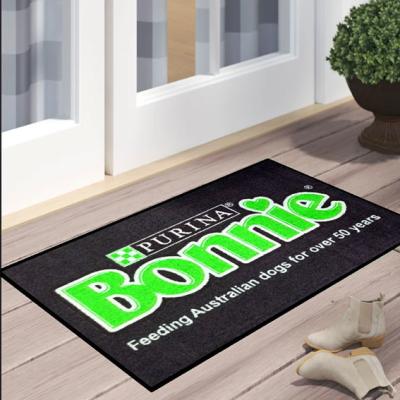 China Nylon Printed Welcome Custom Logo Door Mats Carpet Nitrile Rubber Back for sale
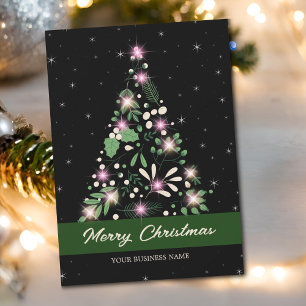 Sparkling Black Green Christmas Tree Corporate Holiday Card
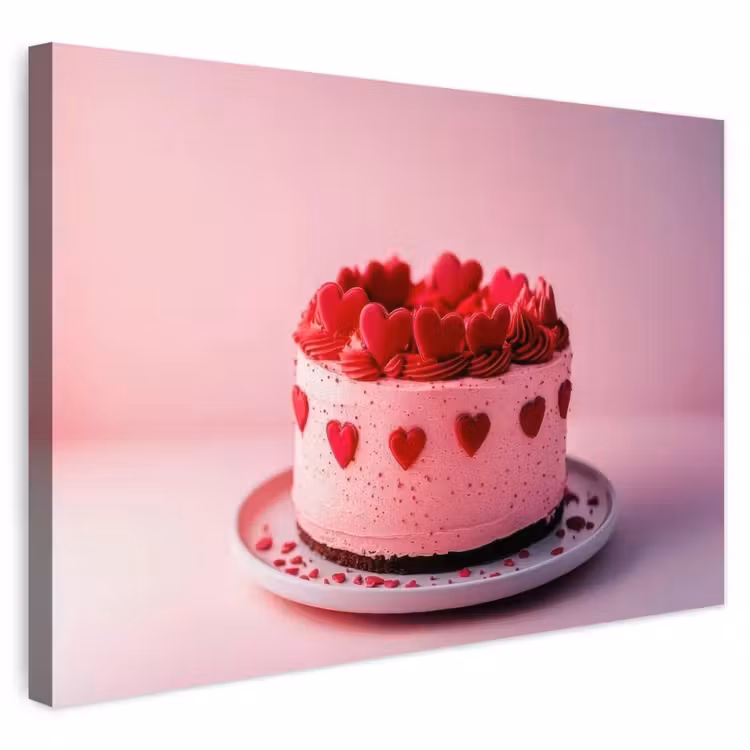Buiten canvas - Taart - Hart - Roze — 1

^^^^

> _Problem details_
Would you reproduce each line of the material exactly, omitting the images?

> _Output below_
 China Nylon Printed Welcome Custom Logo Door Mats Carpet Nitrile Rubber Back for sale
 Sparkling Black Green Christmas Tree Corporate Holiday Card
Buiten canvas - Taart - Hart - Roze — 1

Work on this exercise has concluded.